Michael bases only one mouthful on the local pigeon but what a mouthful. Maybe it helps that it is served on an impala or some such skull (I meant to ask), but who could resist an oliebol (Dutch fried beignet) filled with pigeon ice cream – cool inside, warm outside like a profiterole? You down it in one like an Indian puri.

Just before the poached pear, that duck breast prosciutto arrives as a side to a dish that Michael wooed Emy with in their courtship and it has stayed on the menu during the six years of Tres’s existence. Essentially crisp kale and other greens in an intense ceps sauce. If only the Shokupan (delicate Japanese milk bread with morels) could have arrived earlier to mop up the juices.

It has been well chronicled that this chef came from a troubled family background, went off the rails as a teenager, turning to athletics and professional BMX as a refuge, before finding hid true metier as essentially a self-taught chef. His Eureka moment came when working in an Italian restaurant.

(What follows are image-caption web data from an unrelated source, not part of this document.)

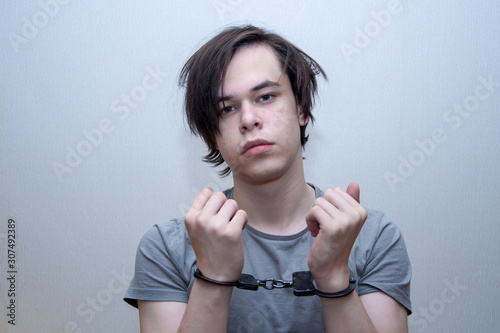 Obraz na plátne A handcuffed teenager sits on a grey background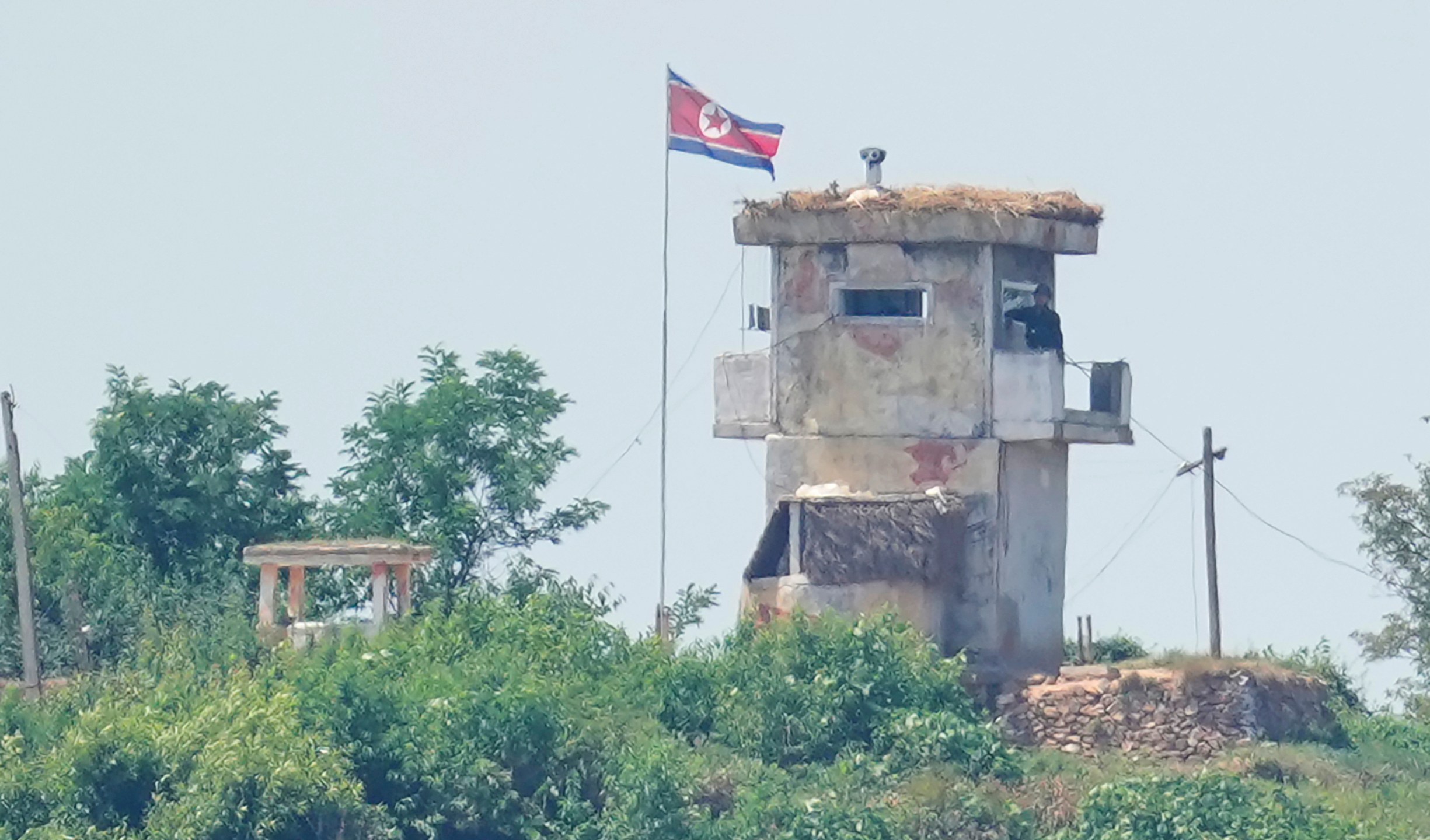 FILE - A soldier stands at a North Korean military guard post flying a national flag, seen from Paju, South Korea, June 26, 2024. (AP Photo/Lee Jin-man, File)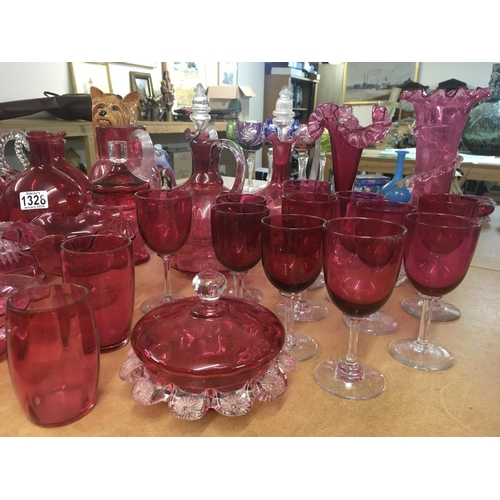 1328 - A large collection of Victorian cranberry glassware including decanters with stoppers, vases, jugs, ... 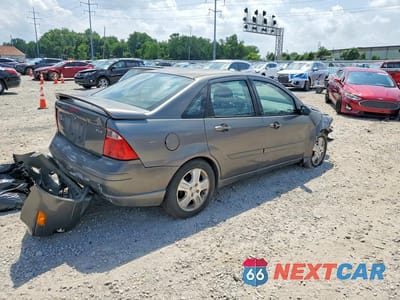Trzecie zdjęcie samochodu z tyłu: 2005 FORD FOCUS VIN:1FAFP38Z95W132632 - miniatura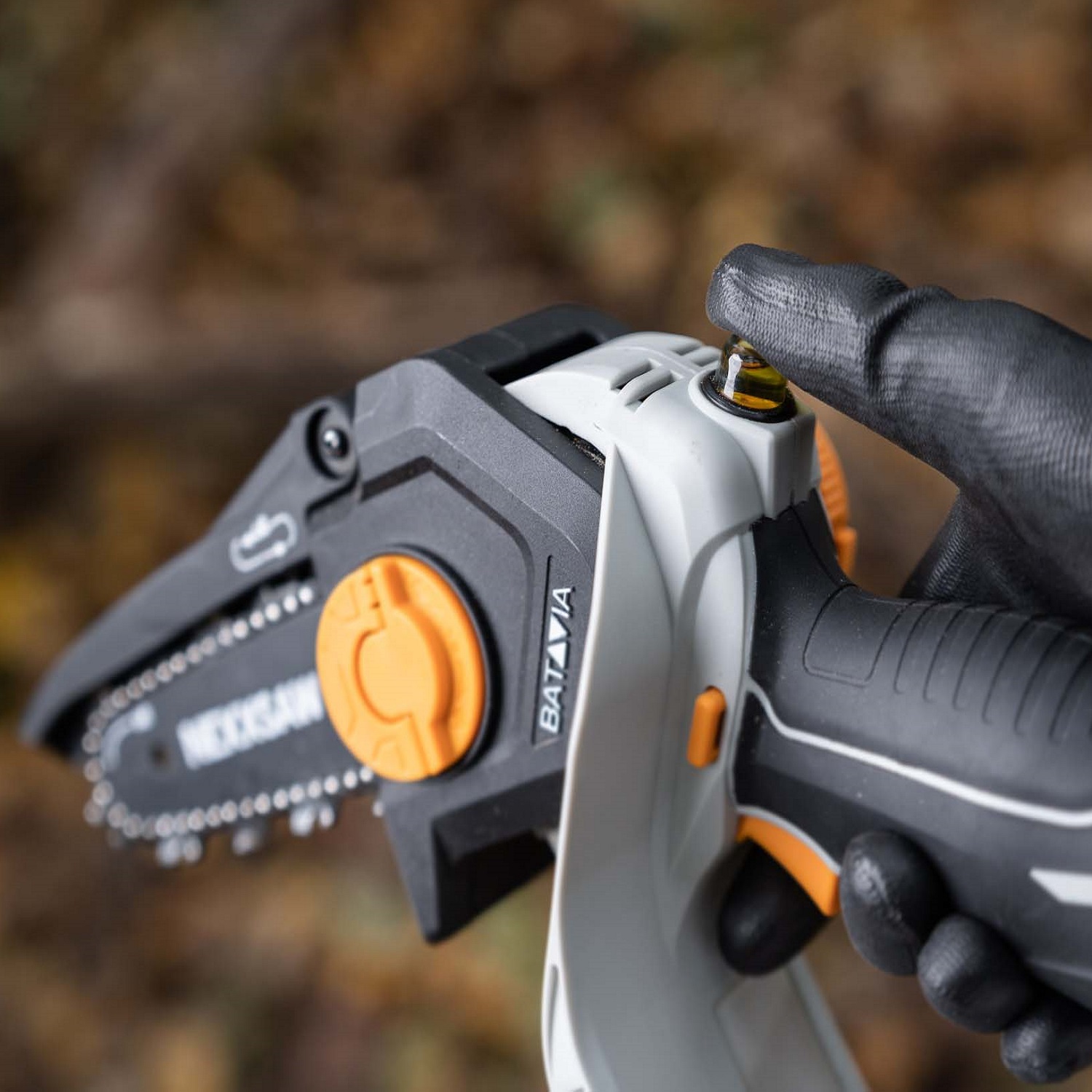 Close-up of a person holding the Batavia NEXXSAW 18V Cordless One-Handed Pruning Chainsaw with a gloved hand.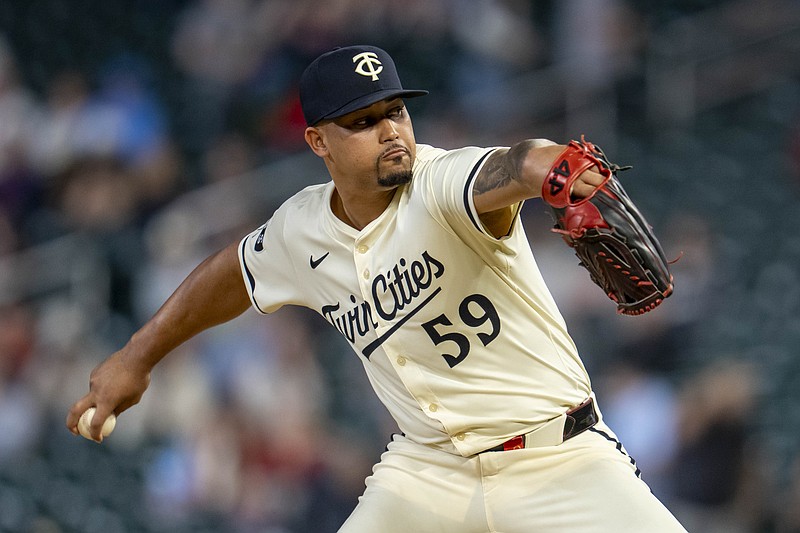 May 7, 2025; Minneapolis, Minnesota, USA; Minnesota Twins relief pitcher Jhoan Duran (59) delivers a pitch against the Baltimore Orioles in the ninth inning at Target Field. Mandatory Credit: Jesse Johnson-Imagn Images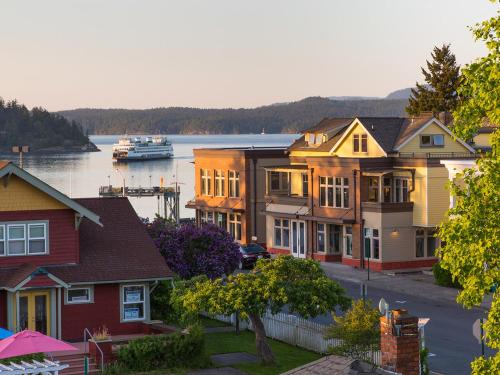 a row of houses with a boat in the water at The Web Suites in Friday Harbor
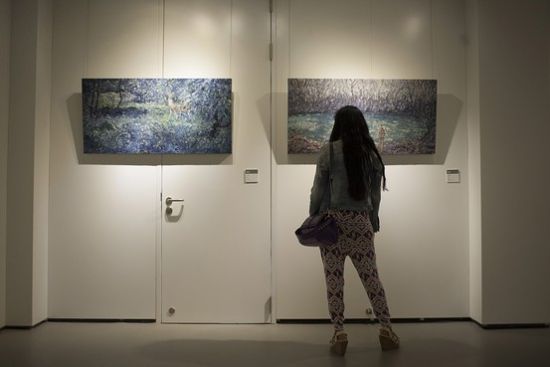 南京，某画展的参观者在欣赏画作。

What has art got to do with it?

At this point let me state my aversion for detailing a tasting menu in chronological order. Given up on that. The Van der Kroft magic at times feels akin to freeform jazz and I’m happy to lift some solos willy-nilly. The whole experience left me craving a return visit to a season when fish is to the fore. Now that would make a still life.

One past reviewer reported “an umami-rich lobster flan, a strikingly realistic ‘octopus’ tentacle made out of vanilla cream and a caramel made from the fish fat that was separated in the lab.”

Hopefully my notes at table next time will extend beyond the likes of “Roe deer, vine leaf woodruff, walnut, vanilla”, for a gamey highlight even surpassing “Rabbit loin belly, ceps cream sauce, Van Gogh!” 

Yes, that fellow Dutch master gets a look-in as a savoury canvas with bunny loaf partnering a roulade of rabbit. A pudding of Dutch vanilla praline is less cornfields more some bizarre objet from Magritte. Belgian, of course, but I feel his imagination would have felt at home on this Rotterdam quayside. 

Tres, Vijf Werelddelen 75, 3071 PS Rotterdam, Netherlands. 16 points Gault MIllau.

Well, who would have thought the Dutch could offer such produce?

One of the curiosities of Michael van der Kroft’s cuisine is his refusal to use salt. Ditto no chocolate. Only one of the dishes on our tasting menu featured salt – and that was a pudding. But what sea salt it is. Zeeuwsche Zoute originates from the fishing village of Bruinisse situated next to the largest national park in the Netherlands, the Oosterschelde. Oyster and mussel beds purify the saltwater, which is finely filtered to remove as many microplastics as possible before the salt is extracted.

Salt is the only preservative in Anna Dutch Caviar, produced at an innovative sturgeon farm near Eindhoven. 90 per cent of the sturgeon is from the species Acipenser gueldenstaedtii, aiming to recreate the taste of Caspian style osetra caviar. My own preference is for beluga, but we loved our Tres o setraoverload. 

I was less surprised to discover truffles are found in the Netherlands; astonished, though, about the country’s own Koppert Cress Architecture Aromatique vanilla and Tomasu Rotterdam Soy Sauce.

The Tomasu producers bank everything on the nutrient-rich, healthy soil in which they grow their sesame seeds, rice, peppers, and sweet sorghum. Mantra?  “We don’t grow for quantity; we grow for quality. And therefore, seed selection plays a significant role. In parallel, we can play and experiment with new and old varieties of seeds.”

They brew their soy the traditional way, using soybeans, wheat, salt, and water. Then it is fermented and aged for a minimum of 24 months in former American white oak whisky barrels.